House in Salvador, Bahia

Solar Bandeira is a former manor house in Salvador, Brazil. It was built by Pedro Rodrigues Bandeira (1768-1835), a wealthy merchant and financier of Bahian forces during the Brazilian War of Independence. Solar Bandeira is located on the slope in the Soledade neighborhood, formerly a suburb of Salvador that included plantation and the Convent Our Lady of Solitude. The garden, which had rich mosaic work and a view of the Bay of All Saints, was called the "marvel and pride of Bahia" in the 18th and 19th century. Solar Bandeira, despite its protected status, is in an advanced state of ruin and may not be visited.

==History==

Solar Bandeira dates to the second half of the 18th century, and belonged to Pedro Rodrigues Bandeira. Pedro Rodrigues Bandeira was born in Bahia in 1768. He became the largest exporter of tobacco and brandy in Colonial Brazil, exporting his goods from warehouses in Cachoeira, in the interior of the Recôncavo, to Africa, India, and Portugal. Bandeira was reputedly one of the richest men in Salvador; he financed Bahian forces against the Portuguese during the Brazilian War of Independence in the 1820s; Brazilian troops occupied Salvador on July 2, 1823 after the Battle of Itaparica.

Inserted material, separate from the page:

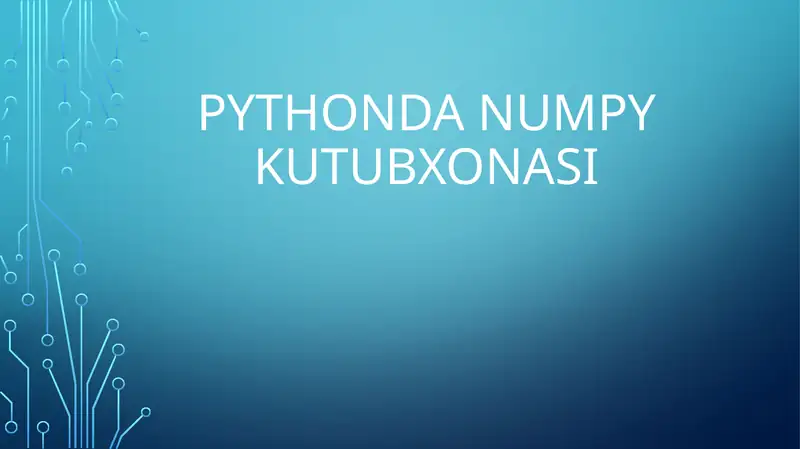 Pythonda NumPy kutubxonasi
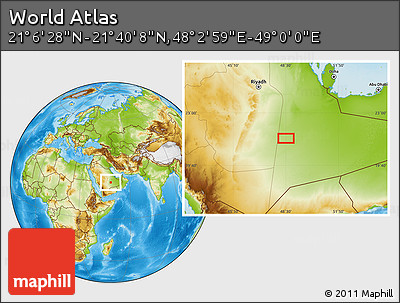 Physical Location Map of the Area around 21° 23' 18" N, 48° 31' 29" E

Solar Bandeira was one of many buildings owned by Pedro Rodrigues Bandeira. An inventory of the building taken in 1835 states that a courtyard on the hill was used for the stables, coach house, and kitchen of the house; the attic was used for slaves quarters. Solar Bandeira appears in a watercolor by Julius Nacher in 1879.

==Structure==

Sola Bandeira has two stories and an attic. Its exterior walls are of stone masonry and interior walls of brick. The first floor had a wide portal at its center with three large, barred windows at either side; the first-floor windows have been converted to doors. The seven windows of the second floor, corresponding to the doors of the first floor, of the house look out onto the Ladeira da Soledade and have balconets. The windows are framed in lioz stone imported from Portugal. The interior, notably door frames and windows, were of carved wood. The rear of the house has a broad, panoramic view of the Bay of All Saints.

Solar Bandeira was noted for its garden and rich mosaics of the type known as embrechado, shells, stones, crockery fragments, and other materials were utilized for the technique. The garden of Solar Bandeira had embrechado mosaic work of crockery of Moorish design; it decorated walls, seats, and flower beds of the garden. The garden is in an advanced state of ruin, and little of the mosaic remains. A similar garden was found at the Casa de Azulejo, built in the mid-19th century; the House at Rua Felipe Camarão, no. 34 retains its fine garden embrechado work.

==Protected status==

Solar Bandeira was declared a classified property of Bahia by the Artistic and Cultural Institute of Bahia (IPAC) in 2010. It is additionally part of the Area of Contiguous Protection of Soledade (Área de Proteção Contígua--Soledade).

==Access==

Solar Bandeira is in an advanced state of ruin and may not be visited.